Así, al otro lado de la puerta que el protagonista abre lo mismo se accede a una localidad en guerra que a una orgía, a la relación con un mafioso o a una cita sexual en la habitación de un hotel. Cada cruce del umbral no sólo conlleva un cambio de escenario sino que el narrador se desdobla en otro personaje. Todo ello entre zambullidas en una piscina y carreras que al tiempo que sirven de respiro al difuminar la violencia que se desata en los escenarios contribuyen a reforzar la sensación de claustrofobia.
 
La sucesión de fragmentos breves que conforman los capítulos de Una vieja historia, los cuales rara vez ocupan más de cinco páginas, nunca encajan con las escenas. Éstas concluyen y se reanudan con una carrera la cual siempre coincide en medio de un fragmento, lo que dificulta la tarea de acotarlas y anima el acto de proseguir la lectura pese a que la estructura de la narración resulta rígida y repetitiva. La prosa de Littell: descriptiva -apenas contiene diálogos, los personajes actúan más que hablan y nunca se cuestionan sus motivaciones-, precisa y muy rica en léxico, constituye todo un reto para el traductor, Robert-Juan Cantavella. Se aprecia algún que otro error de edición.

Por el modo en que está concebida y narrada -en una primera persona que transmite la impresión de que, pese a su variedad, todos los protagonistas vienen a ser el mismo-, por su vocación enigmática y hermetismo, Una vieja historia invita a una segunda lectura en busca de claves que iluminen las intenciones del autor, más allá del despliegue de relaciones humanas utilitarias, caprichosas, entre seres extraños, da igual que los unan relaciones de sangre o que habiten en la misma casa, capaces de interaccionar sólo a través del sexo y de la violencia. Seres que, desprovistos del componente emocional, quedan reducidos al absurdo de una humanidad deshumanizada. Aun así, la gama de escenas es lo bastante amplia como para poder establecer pautas categóricas.

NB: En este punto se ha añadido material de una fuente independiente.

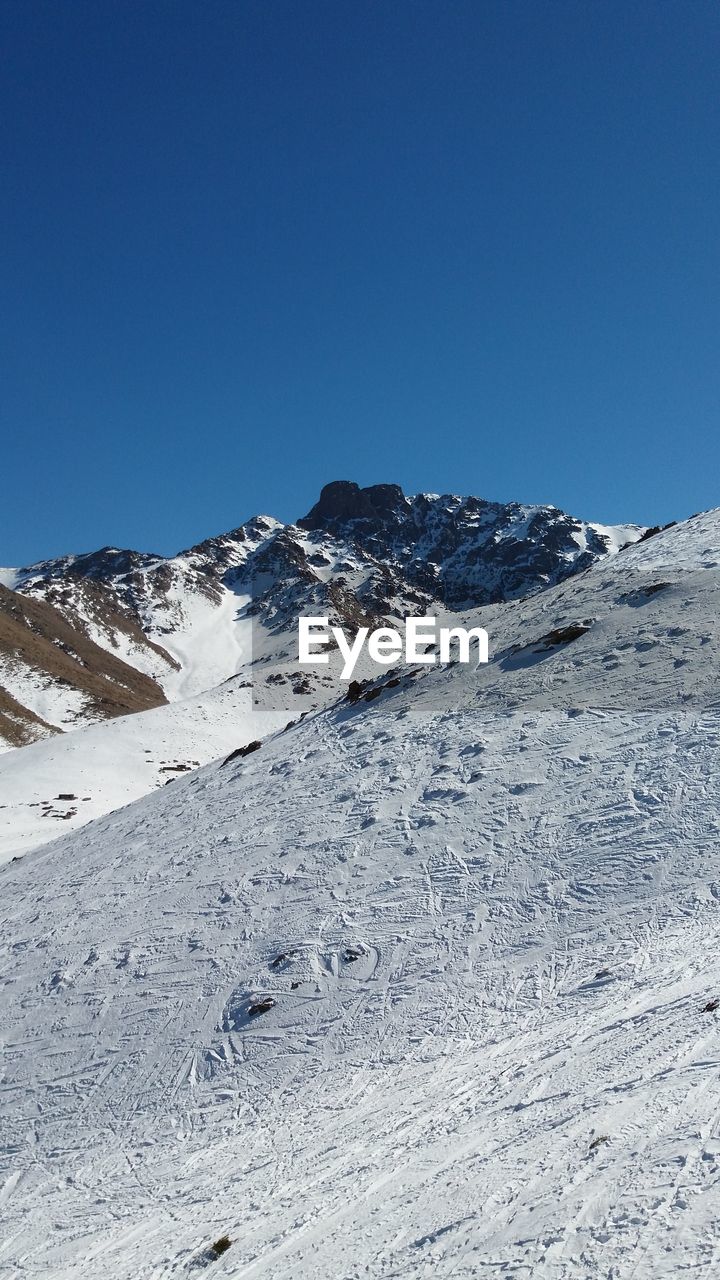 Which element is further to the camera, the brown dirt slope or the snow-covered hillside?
the brown dirt slope

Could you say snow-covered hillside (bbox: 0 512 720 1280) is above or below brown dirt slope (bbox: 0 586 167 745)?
below

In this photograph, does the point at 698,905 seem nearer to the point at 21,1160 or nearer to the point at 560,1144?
the point at 560,1144

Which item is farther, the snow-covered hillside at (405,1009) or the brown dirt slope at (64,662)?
the brown dirt slope at (64,662)

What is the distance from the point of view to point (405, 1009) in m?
9.84

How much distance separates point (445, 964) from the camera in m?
10.4

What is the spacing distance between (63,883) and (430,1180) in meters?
13.7

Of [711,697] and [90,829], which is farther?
A: [90,829]

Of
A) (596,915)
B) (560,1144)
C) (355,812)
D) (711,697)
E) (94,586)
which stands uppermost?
(94,586)

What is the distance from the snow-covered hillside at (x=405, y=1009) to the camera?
19.2 ft

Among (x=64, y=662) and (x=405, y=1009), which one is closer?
(x=405, y=1009)

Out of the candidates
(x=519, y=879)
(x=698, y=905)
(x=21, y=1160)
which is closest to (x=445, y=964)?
(x=519, y=879)

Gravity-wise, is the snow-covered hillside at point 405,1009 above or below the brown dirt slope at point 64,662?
below

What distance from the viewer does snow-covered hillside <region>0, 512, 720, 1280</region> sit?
Answer: 5863 millimetres

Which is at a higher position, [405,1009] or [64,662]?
[64,662] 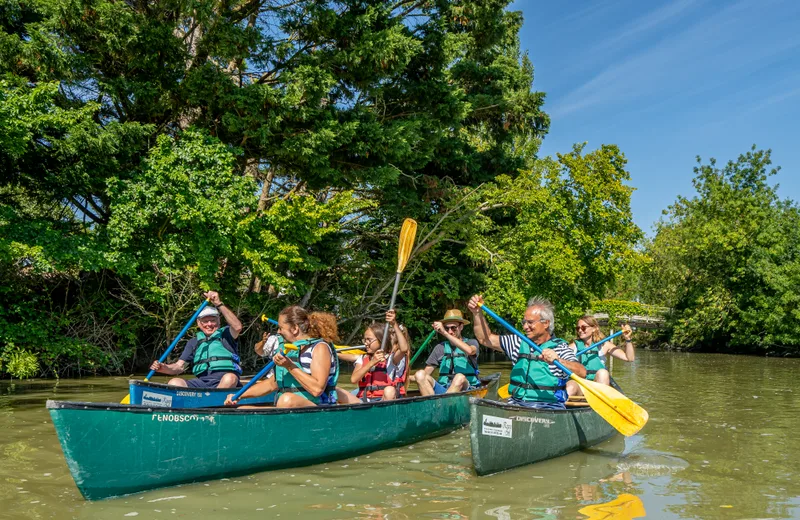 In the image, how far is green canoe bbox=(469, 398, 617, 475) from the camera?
570 cm

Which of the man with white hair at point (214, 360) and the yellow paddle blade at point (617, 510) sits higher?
the man with white hair at point (214, 360)

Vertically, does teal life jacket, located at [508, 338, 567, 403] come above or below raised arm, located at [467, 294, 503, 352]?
below

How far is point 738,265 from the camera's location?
3522 cm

La pulsión de Littell por lo escabroso, desde lo chocante y lo surreal a lo repulsivo, por los escenarios devastados, no siempre formalmente pero sí en el plano interno, remite a la de un Curzio Malaparte desprovisto de su verborrea y aspavientos bufonescos, más abstracto. Con la paradoja de que el absurdo que resulta del dominio del ser humano por su componente más egocéntrico y utilitarista, unido al contrapunto de la incapacidad e impotencia de quien aspira a lo contrario -véase al respecto el fragmento del fotógrafo amateur en una ciudad en guerra, posiblemente el más personal de la novela-, nos es mostrado en el caso de Littell con laconismo y de un modo cerebral, como si así justificara la “nueva versión” de esa vieja historia que nos ofrece y a la que apunta el subtítulo del libro.